I’ve read these Supreme Court threads with interest, but haven’t yet seen fit to but in and posit my 2 cents on Scalia’s judicial philosophy. But I have to say that, in my opinion, “textualism” or “originalism” is, at best disingenuous.
If we are only supposed to look at the original intent of the words being written, we are left with a woefully stagnant constitution, being only 7 pages in length, which needs to be constantly amended to reflect the constant change of society.
For example, I’m damn near certain that the writers of the 1st amendment didn’t intend for speech to apply to communication over the telephone, radio, television, or the internet, insofar as they were writing before the invention of indoor plumbing. If we adopt an originalist approach to their writing, then, we have to conclude that the 1st amendment is silent on all speech except the spoken word, made face to face.
Similarly, the original meaning of interstate commerce didn’t consider airplanes. Does congress not have the power to regulate commerce that leaves one state and arrives at another via the air, simply because the writers of the constitution didn’t intend for this meaning to exist?
Or, if we can harken back to the 8th amendment (for just a second), are we to believe that, should the present government pass a new amendment that “re-affirmed the 8th amendment in its entirety”, suddenly the 8th amendment has changed meaning, merely because the understanding of cruel and unusual today is different than what it was in the 18th century?

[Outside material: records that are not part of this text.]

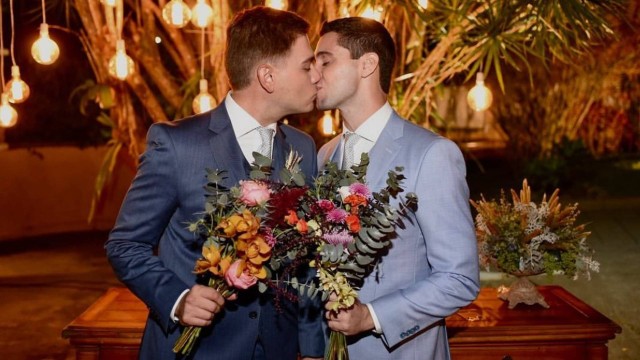 Erick Rianelli e Pedro Figueiredo se casaram no civil em 2018, e celebraram a união com familiares e amigos da emissora.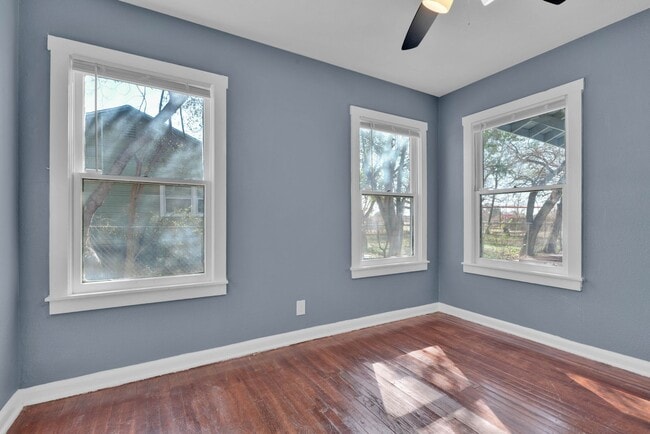 Building Photo - Cozy 3 Bed 2 Bath- Newly Renovated Home in Downtown San Antonio!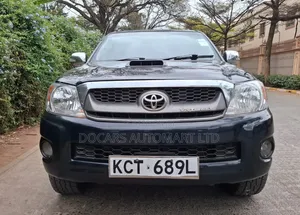 Toyota Hilux Double Cabin 2011 Black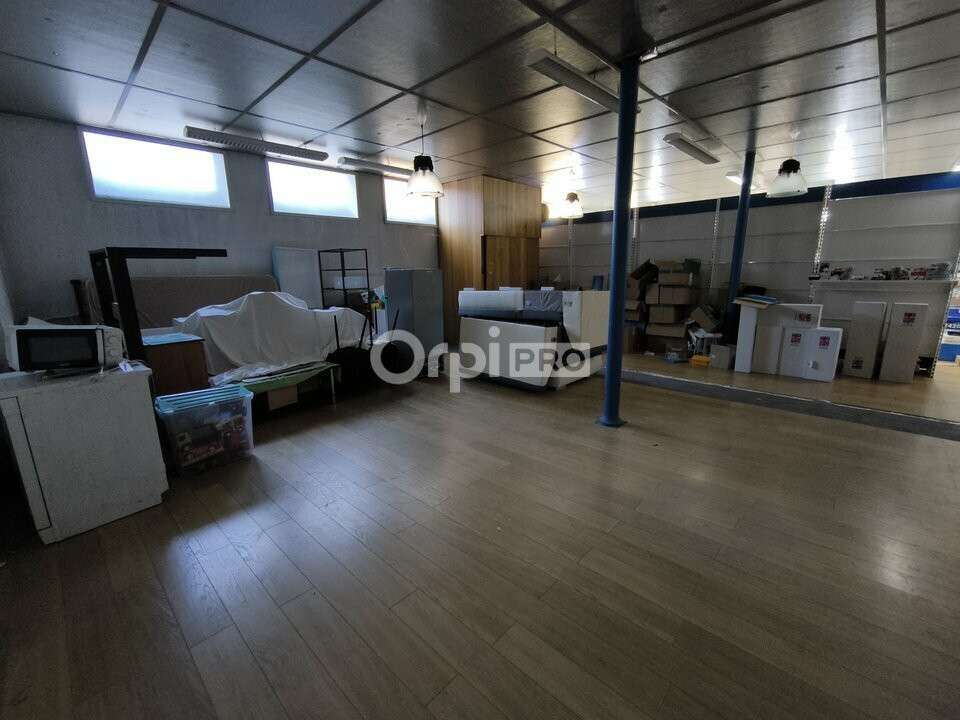 AV local commercial 237m² axe principal de Brive
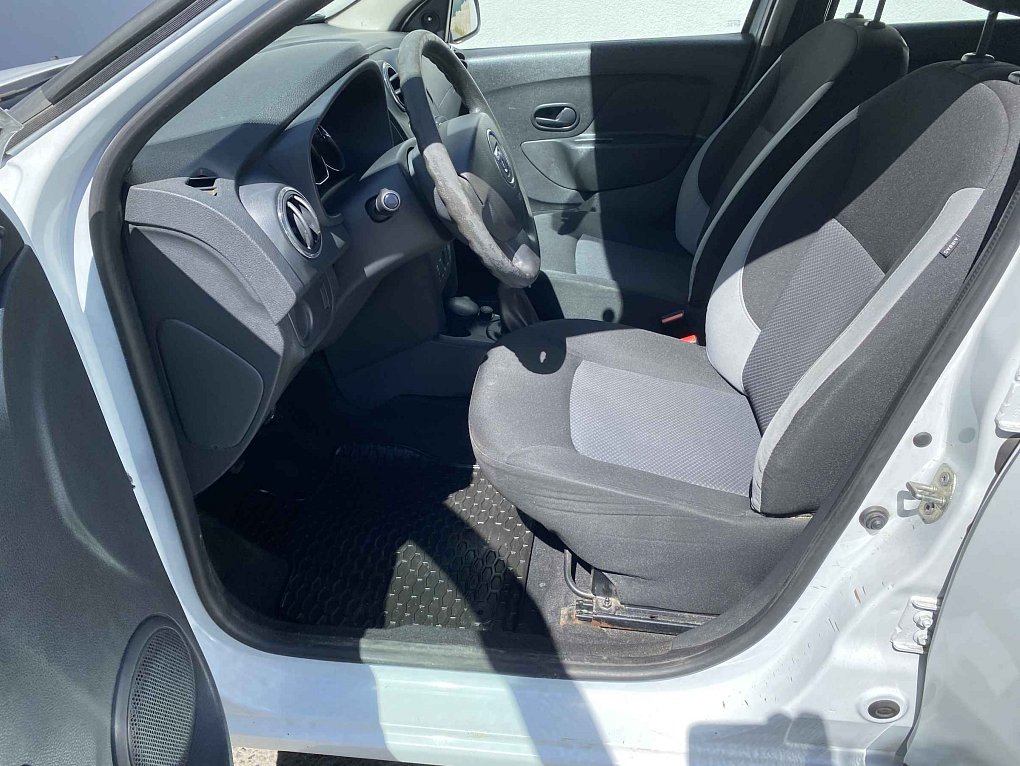 Dacia Logan 1.2i 
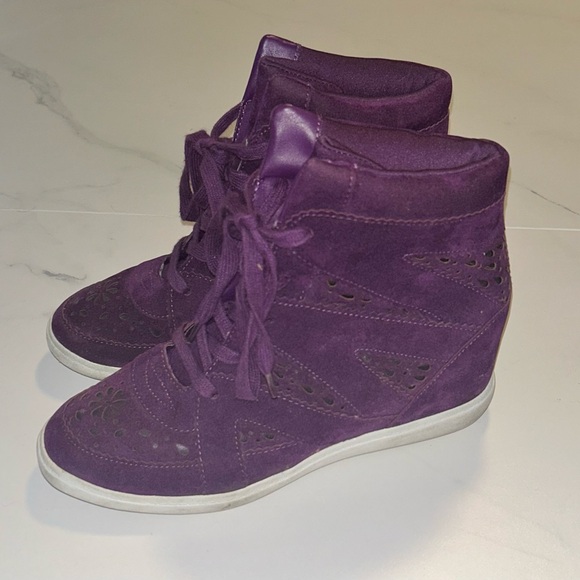 Purple Princess Vera Wang 3in Hidden Wedge Sneaker - Picture 1 of 4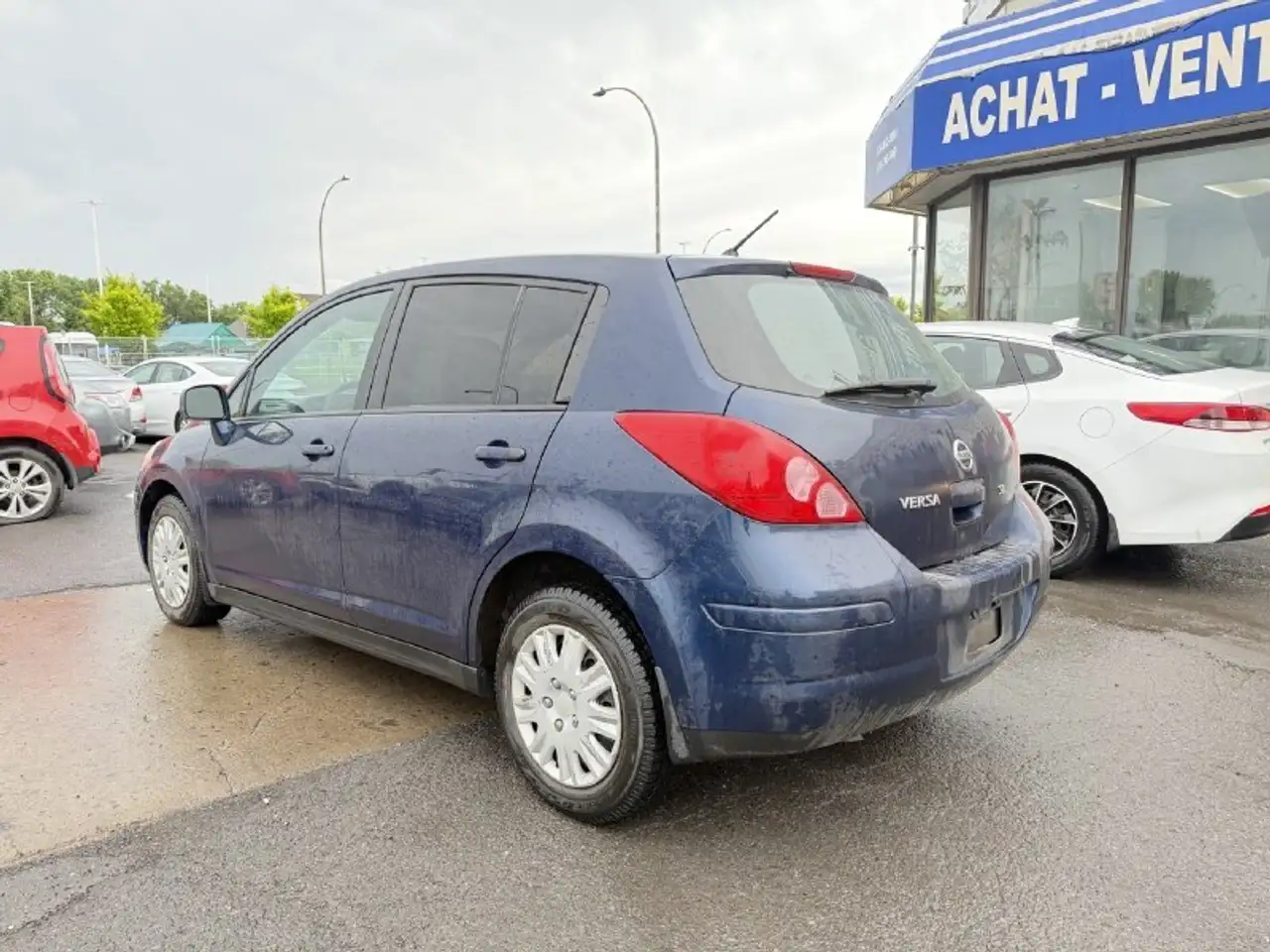 Nissan Versa снимка Nissan Versa
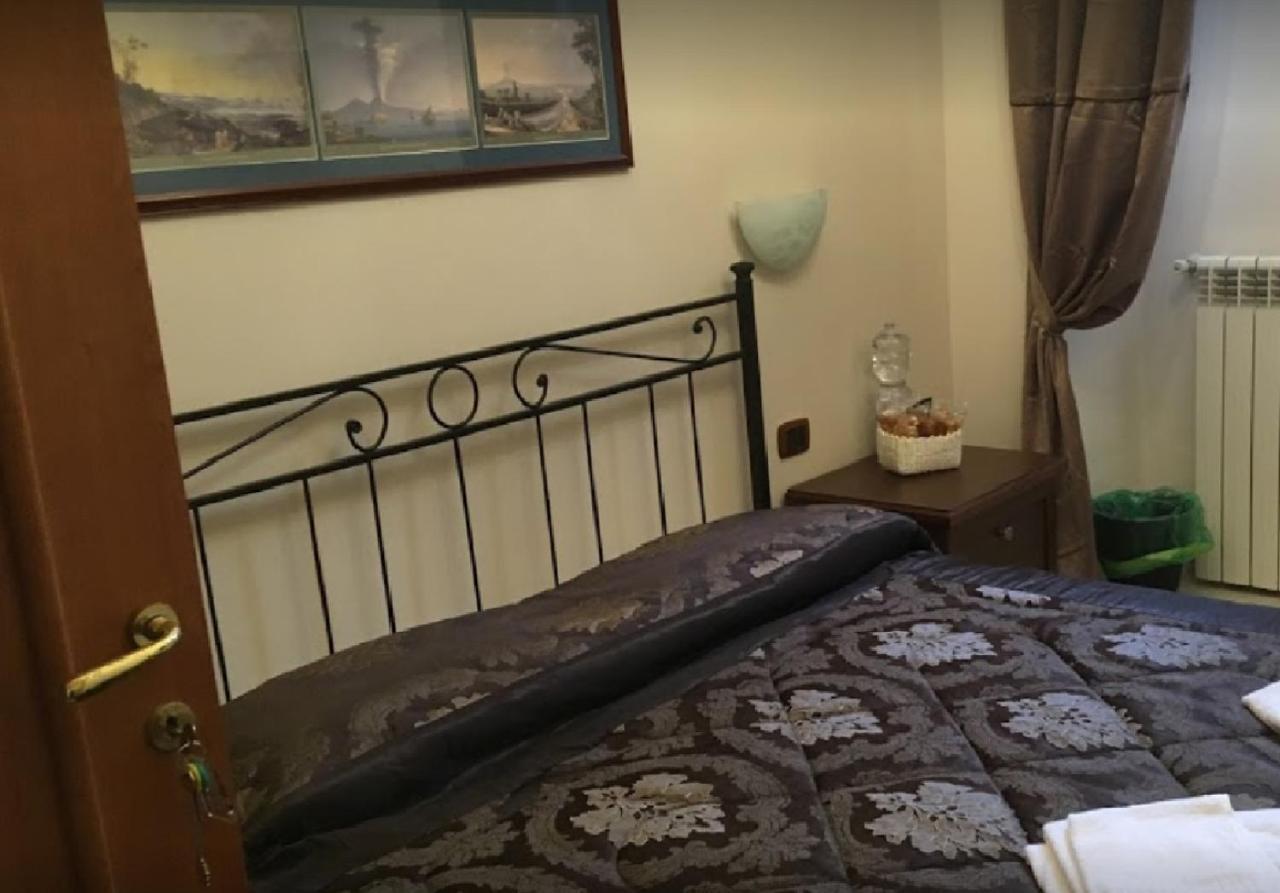 A Casa Di Nonna Giulia Bed & Breakfast เนเปิลส์ ภายนอก รูปภาพ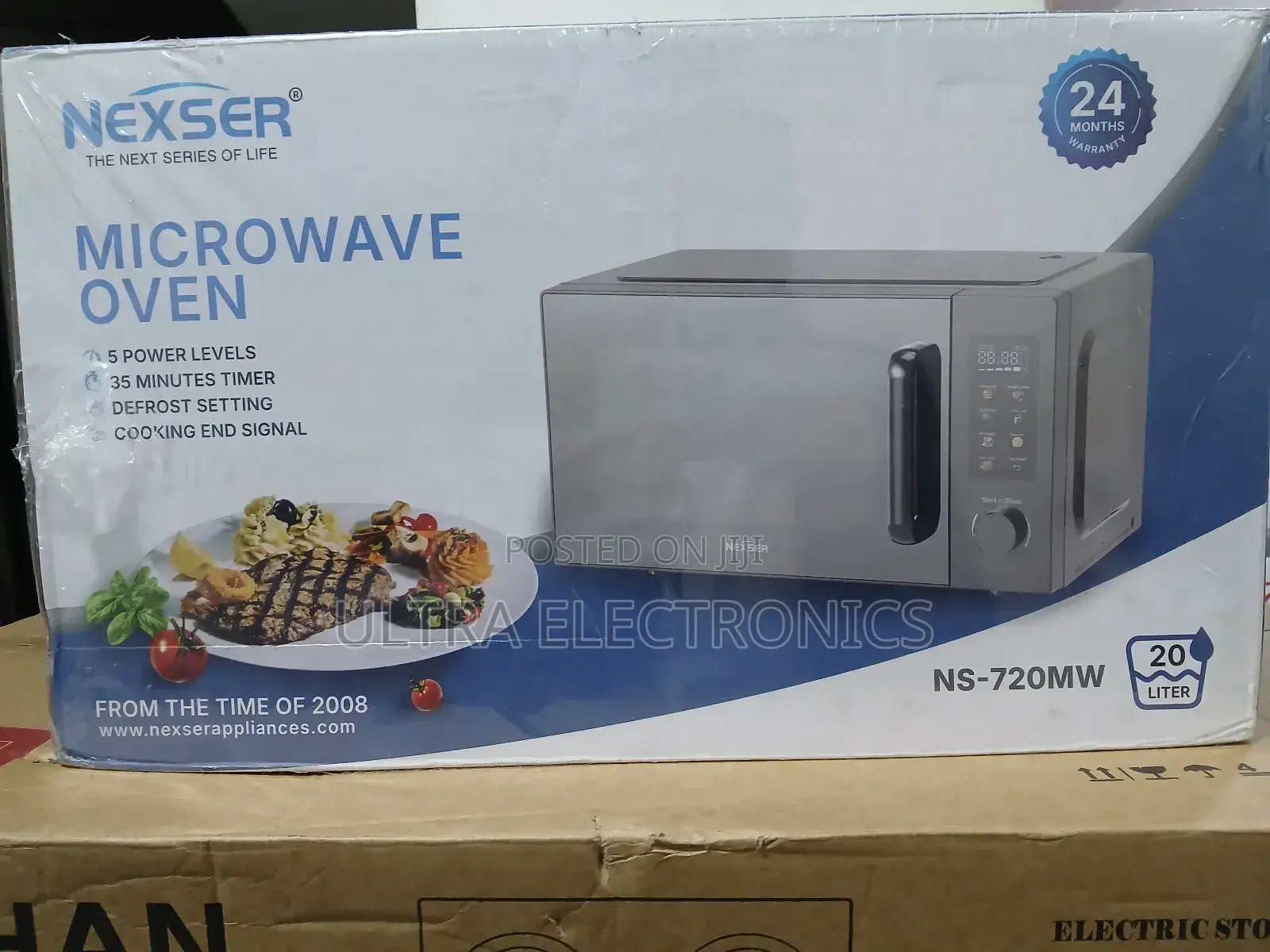 Nexser Ns-720mw Microwave Oven, a Compact Kitchen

I’m fairly confident that most people will say my examples are absurd. If you say that, then, you are conceeding the point that the meaning of words does change, and that we can’t merely apply the original meaning (especially when laws, amendments, constitutions, and the like are the products of groups of people, none of whom may have ever been in agreement as to the original meaning in the first place). At this point, then, we are arguing degrees of adaptation, not whether the words should be adapted at all.
Please understand, I am not particularly radical in my own interpretation of the constitution. Despite my own progressive bent, I would likely be the justice who writers a lot of opinions saying, “while I don’t agree with this, the law says…” I do not support “inventing” terms not actually present in the constitution (and, for this reason, I think that Roe v. Wade was wrongly decided, despite my own opinion as to the right of a woman to elect to have an abortion). But I do believe that we ought to be interpreting words based on their contemporary meaning, and not locking ourselves into some static concept that has long been abandoned in the world outside the courtroom (and, gasp, I even believe that foreign nations can provide persuasive precedent for how our words can be understood; this, I hasten to add, is not to say that we are ever bound by foreign ideas or decisions).
Scalia’s ideas about the 14th amendment, then, make sense to me. But, no matter how well understood in the 17th or 18th century, we should be similarly allowed to interpret government provisions regarding other matters in a modern light. To do otherwise invites a jurisprudence that loses its legitimacy, and risks a government to static to adapt to a society in flux.